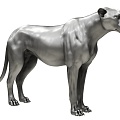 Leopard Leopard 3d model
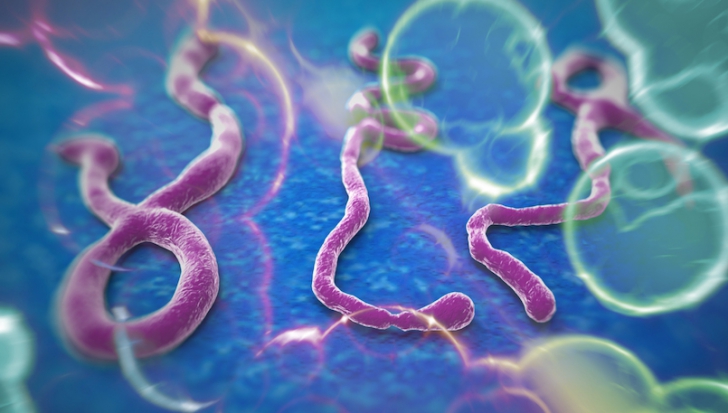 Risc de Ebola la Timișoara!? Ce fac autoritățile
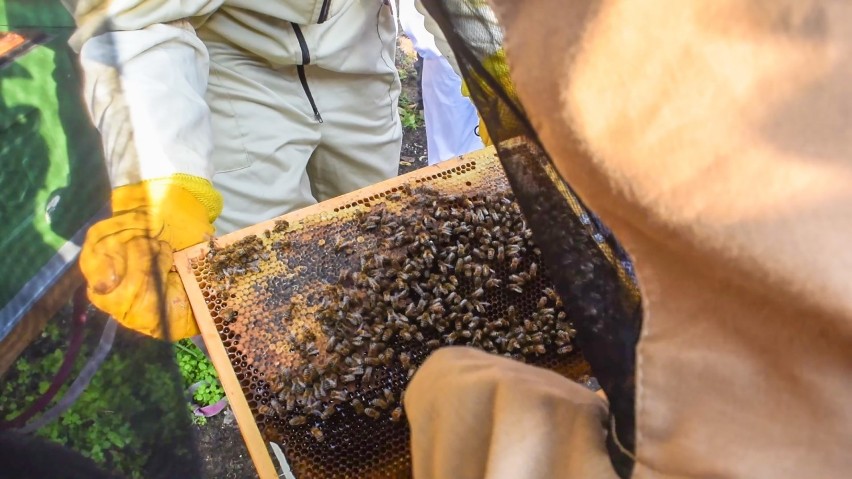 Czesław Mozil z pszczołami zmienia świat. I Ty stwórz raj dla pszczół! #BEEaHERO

++++++++++++++++++++

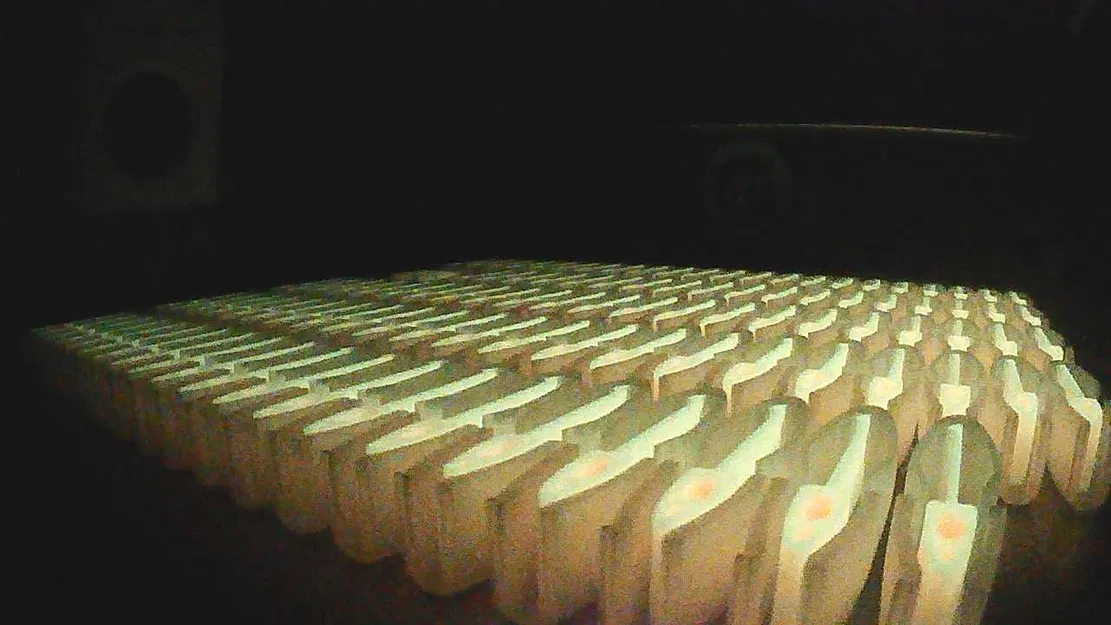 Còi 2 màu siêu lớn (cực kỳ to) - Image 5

++++++++++++++++++++

_Task directions_. Given the listing above, repeat exactly the lines starting at the one with "Risc de Ebola" and ending at the one with "Czesław Mozil z", inclusive, excluding pictures.

_Response area_.
 Risc de Ebola la Timișoara!? Ce fac autoritățile
 Czesław Mozil z pszczołami zmienia świat. I Ty stwórz raj dla pszczół! #BEEaHERO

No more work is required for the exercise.